23rd June 2014
Writing: Ian Fan (Year 10)
This week saw a team of Year 10s - James O’Brien, Matthew Wood and myself - going into London for the Apps for Good final, the final outcome of a competition we had been working to compete in during our IT lessons. We had been tasked with developing an idea for an app, to pitch to a panel of 'Dragons'. Much more interesting than learning Excel!
In the morning, we visited SapientNitro for an awards accelerator. They’re a marketing agency, and they gave us a glimpse of how they worked, including some expert advice about our upcoming presentation. They also gave us free ice-cream. Rock on, guys.
After lunch, we headed over to the Barbican for the real thing. There was a short welcome, and then we went to presented our pitches to a panel of judges. It was a generally enjoyable day, but boy was it nerve-wracking. It’s something practising a presentation in the comfort of your own home, but when facing a panel of people who have worked in the industry longer than you have been alive, it suddenly becomes very intense. We gave our best performance: a fantastic presentation, that lasted an incredible 25 minutes, answering every question that was thrown at us. We then went on to network for an hour: 250 industry leaders looked at the projects of the various teams competing. We presented around an easel, and repeated ourselves until our throats were absolutely parched!

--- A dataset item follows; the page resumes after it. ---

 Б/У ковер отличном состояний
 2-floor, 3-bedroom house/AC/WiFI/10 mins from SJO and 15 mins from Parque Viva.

Our category, Productivity, contained some very strong competition, and I must admit I was rather nervous as all three groups stepped up. The Chief Operating Officer of SAP then came onto the stage and talked about his and his company’s involvement in Apps for Good. He went on to introduce our group as 'fantastic sales people' and said, 'When these boys leave school, I want them to come and work for me, and if they don’t want to work for me, then I’ll go and work for them!'
Alas, despite this glowing commendation another team eventually won the day, though we took solace in being told that a reason for not choosing our team was because our app was too ambitious for the App for Good’s team of developers and the timescale & budget they had available. However we've learnt a lot through this process and had a great time - we're certainly keen to continue with this work, so there may be hope yet for our app!